German SS officer (1906–1948)

Hans Aumeier (20 August 1906 – 24 January 1948) was an SS commander during the Nazi era who was the commandant of Vaivara concentration camp and the deputy commandant of Auschwitz concentration camp. One of the most important criminals at Auschwitz, Aumeier was extradited to Poland, where he was convicted and sentenced to death. He was executed in 1948.

== Life before the war ==
Aumeier was born on 20 August 1906 in the small town of Amberg, Germany, where he attended elementary school for four years and then secondary school for just three years. In 1918, he left school without any qualifications to take up an apprenticeship as a turner and fitter in a local rifle factory, following his father's career. In 1923, Aumeier left the small factory in Amberg and began work for a bigger company in Munich. In 1925, he tried to join the Reichswehr, but failed and returned to the rifle factory in Munich, but could not settle down, and after taking up similar positions in other factories in Berlin, Bremen and Cologne he became unemployed. Throughout the period 1926 to 1929, Aumeier moved from one job to another, taking part-time work and summer jobs in order to survive. He was an early member of the Nazi Party, joining in December 1929, and in 1931 he joined the SA and was soon employed as a driver at the SA headquarters in Berlin. In December 1931, Aumeier was transferred to the SS, where he worked in the garage as a driver and was on the staff of head of the SS, Heinrich Himmler.
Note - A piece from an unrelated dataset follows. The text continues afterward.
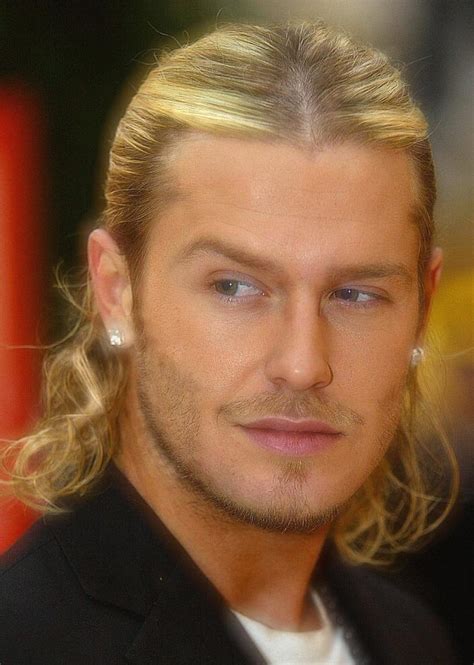 Do you like david beckham's haircuts and hairstyles? anotherallergymom: David Beckham Long Length Hairstyle ...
== Auschwitz atrocities ==
On 1 February 1942, Aumeier was transferred to Auschwitz concentration camp and was appointed head of Department III, and named Schutzhaftlagerführer at Auschwitz I, where he remained until 16 August 1943. It was during this time at Auschwitz that Aumeier made a name for himself, responsible for many draconian methods, including torture, beatings, and executions. On 19 March 1942, 144 women were shot at the execution wall in the courtyard of Blocks 10 and 11 on Aumeier's orders. On 27 May 1942, he was present again at a mass execution of 168 prisoners who were shot in the same manner.

===Corruption===
On 18 August 1943, Aumeier was found guilty of corrupt practices and theft of gold from the victims of gassing, and as a result, was transferred from Auschwitz on the personal orders of Commandant Rudolf Höß. According to an interrogation report, Aumeier stated that in May–June 1943 while still attached to Auschwitz he was ordered to report to the Higher SS and Police Leader “Ostland”, SS-Obergruppenführer Friedrich Jeckeln. He was attached to the SS-Construction Brigade of 5th SS Panzer Corps; this unit was responsible for building fortifications in the area Oranienbaum-Leningrad and was under the command of Organisation Todt. Aumeier would command a Jewish construction unit of some 7,000 men with orders to construct, and then establish Vaivara concentration camp in Estonia for Jews.

== Life after Auschwitz ==

Aumeier on trial at the Supreme National Tribunal, Kraków, Poland, 1947

After he was discharged from Auschwitz, Aumeier returned to Vaivara as commandant and remained there until August 1944, when the camp was evacuated and all his prisoners were made the responsibility of the commandant of Stutthof concentration camp. On 20 August Aumeier reported back to Jeckeln and found himself attached to a Police Battalion part of "Kampfgruppe (Battle Group) Jeckeln", situated near Riga, Latvia. Here, Aumeier took part in his only frontline engagement with the enemy as his unit attempted to attack the Estonian island of Osel (Saaremaa) but was unsuccessful. What part he played in this attack is unclear.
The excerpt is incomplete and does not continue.